§ Work item
Print the line containing "Persecución y balacera", then every line after it through the end of the material, exactly as written and without pictures.

§ Supplied information
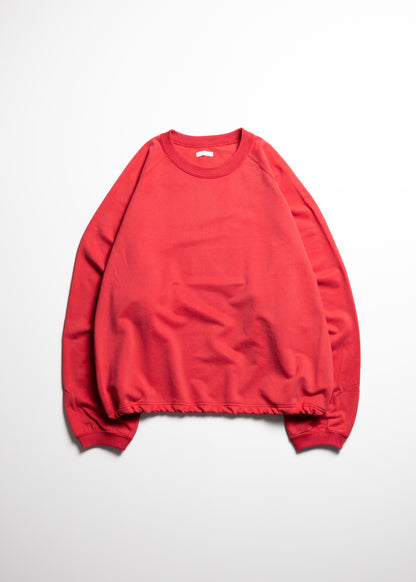 [KANEMASA PHIL.] 28G Cupro Raglan Pullover
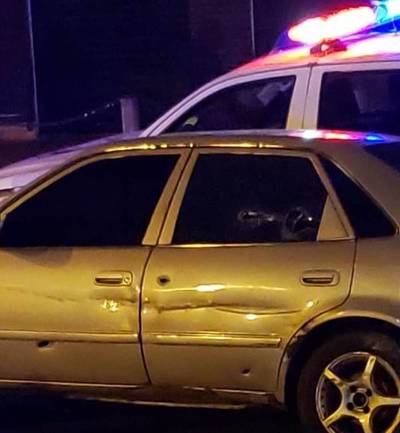 Persecución y balacera de película en Ciudad del Este – Prensa 5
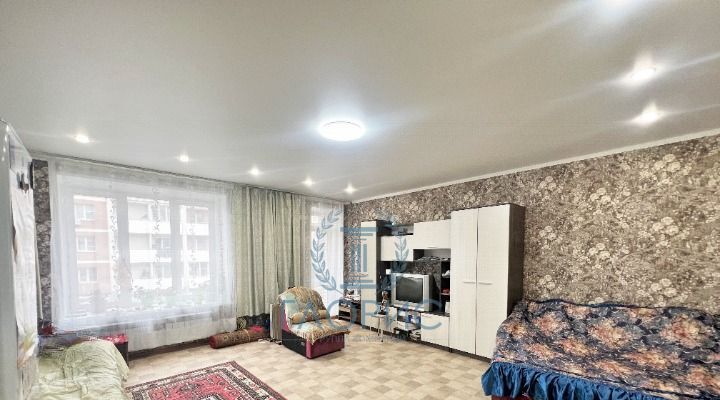 квартира г Абакан п Нижняя Согра ул Буденного 74ж фото 4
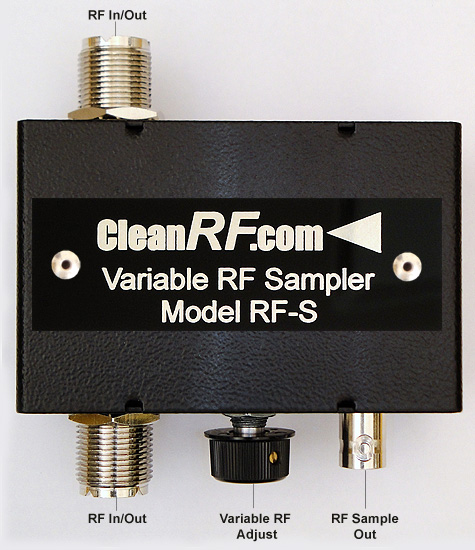 RF-S Sampler (200 watts)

§ Exercise solution
 Persecución y balacera de película en Ciudad del Este – Prensa 5
 квартира г Абакан п Нижняя Согра ул Буденного 74ж фото 4
 RF-S Sampler (200 watts)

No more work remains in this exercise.